Endoscopic surveillance for gastric cancer should continue long after H. pylori eradication

25 Mar 2020
Endoscopic surveillance for gastric cancer should continue long after H. pylori eradication

The risk of gastric cancer in patients cured of Helicobacter pylori appears to be greater in the second decade of follow-up than in the prior 10-year period, with the risk being specific to diffuse-type of disease among those with mild-to-moderate gastric atrophy, a study has reported.   

The analysis included 2,737 patients who had yearly endoscopic follow-up after cure of H. pylori infection. Follow up lasted for up to 21.4 years (mean, 7.1 years). Urea breath tests were positive in 24 patients, suggesting possible reinfection with H. pylori, at a mean follow-up of 7.3 years.

Gastric cancer occurred in 68 patients during follow-up. Most tumours were endoscopically superficial type (81 percent) and in the early TNM stage (88 percent). Histologically, 43 of the cancers were intestinal type and 25 were diffuse type.
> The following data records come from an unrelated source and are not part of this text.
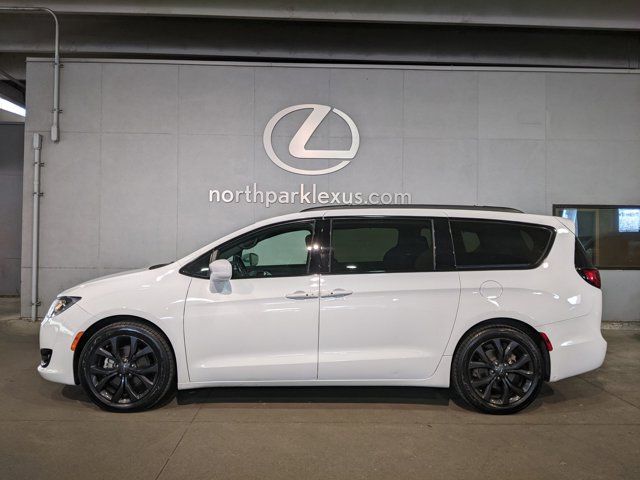 2020 Chrysler Pacifica Touring-L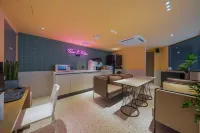 Sinchon APL Hotel - Motels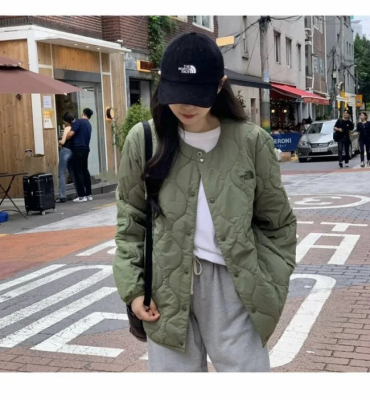 北面绗缝外套 同款不同色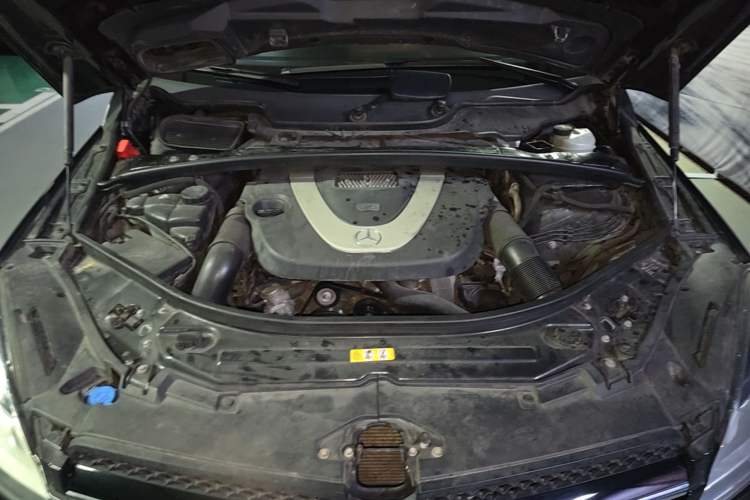 Used Mercedes-Benz R-Class 2011 R 300 L Business Model Engine Bay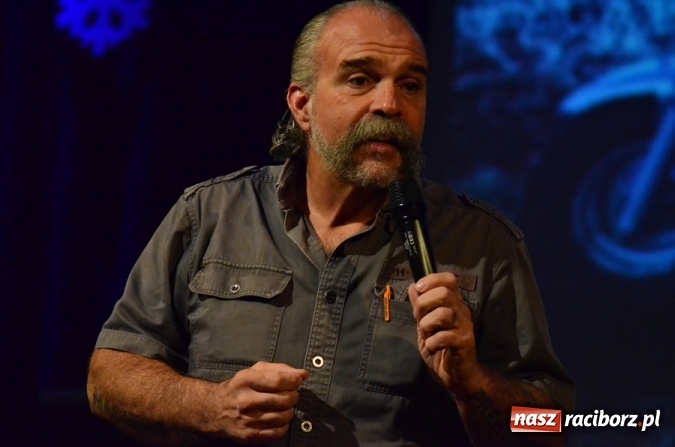 Zdjęcie w galerii na portalu naszraciborz.pl: Kaznodzieja z karabinem w Raciborzu  wiadomości z regionu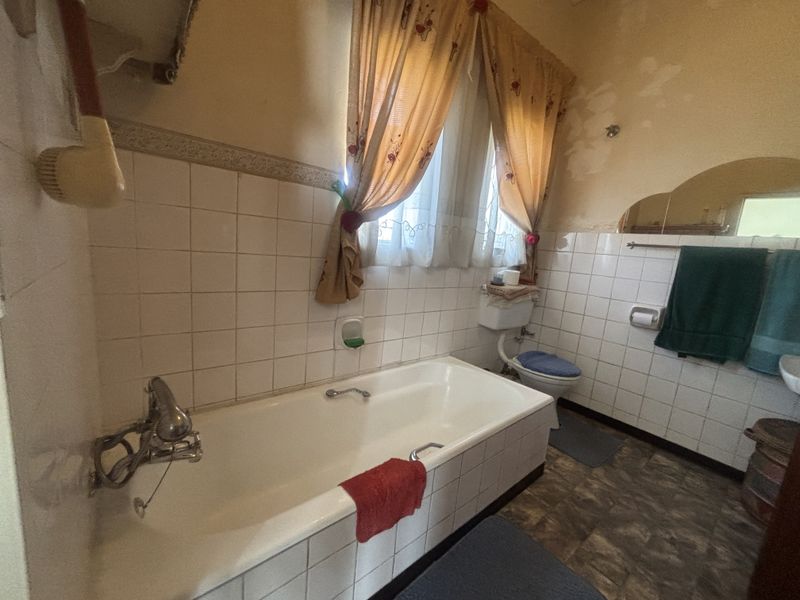 Family Friendly Home - Photo 9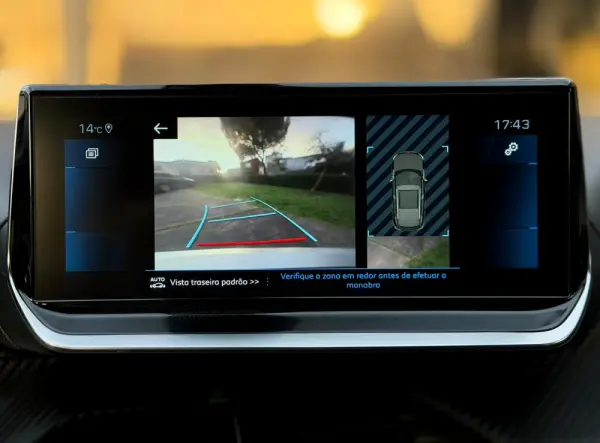 Peugeot 2008 1.2 PureTech GT EAT8 37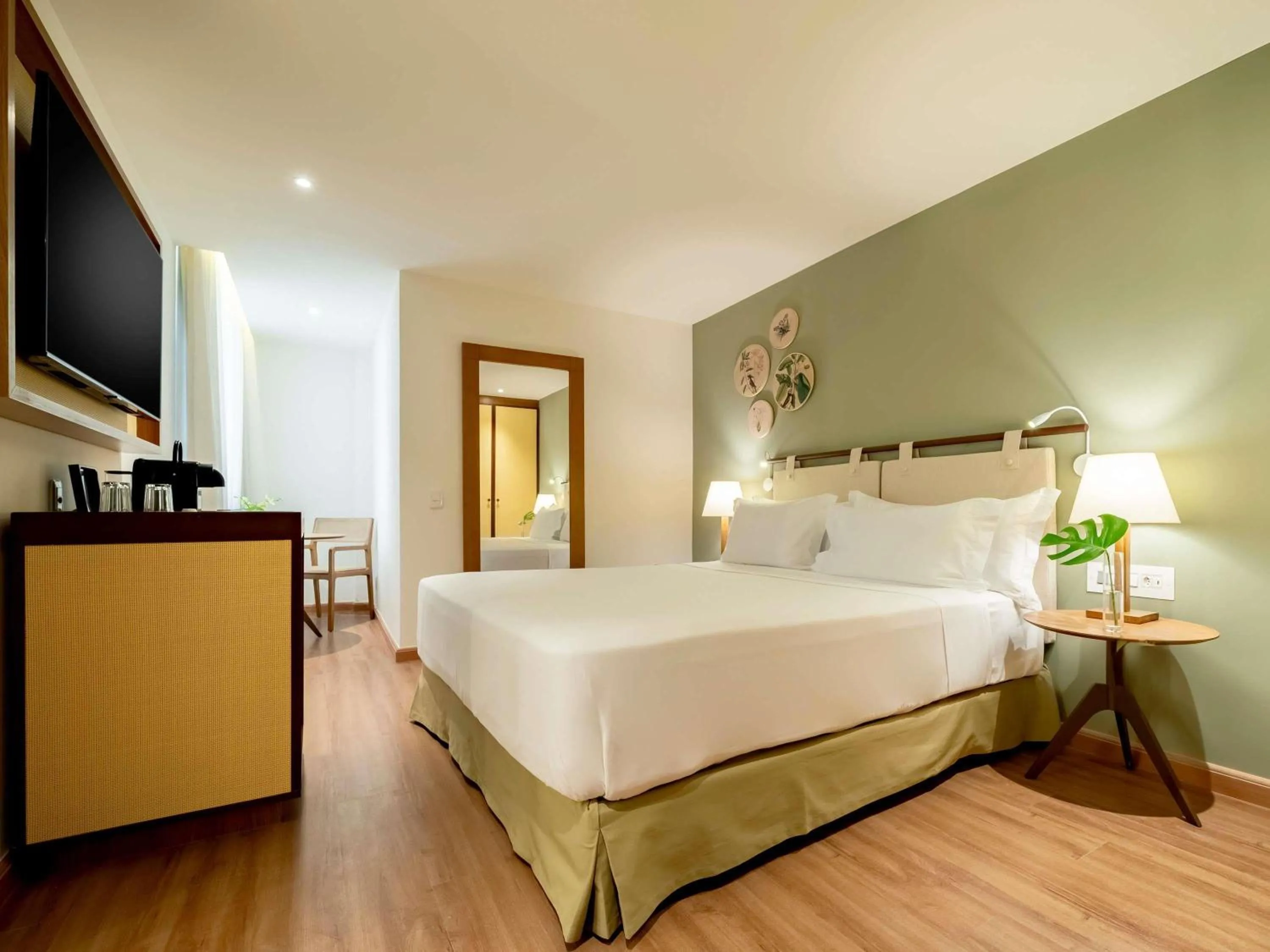 Bedroom, Bed in Grand Mercure Rio de Janeiro Copacabana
On Kaplan–Meier analysis, the risk for all gastric cancer after H. pylori eradication was 0.35 percent per year. The longest interval between H. pylori cure and cancer incidence was 18.3 years. 

The standardized incidence ratio (SIR) for diffuse-type gastric cancer was infinity (0 expected case and 4 observed cases) in the group of patients with mild gastric mucosal atrophy and 10.9 (95 percent confidence interval, 4.53–26.1) in the group of those with moderate atrophy. There was no marked increase in SIRs in either intestinal-type cancer, regardless of the grade of baseline gastric atrophy or in diffuse-type cancer in patients with severe atrophy.

The present data suggest that surveillance for gastric cancer should be continued beyond 10 years after eradication of the H. pylori infection, according to researchers.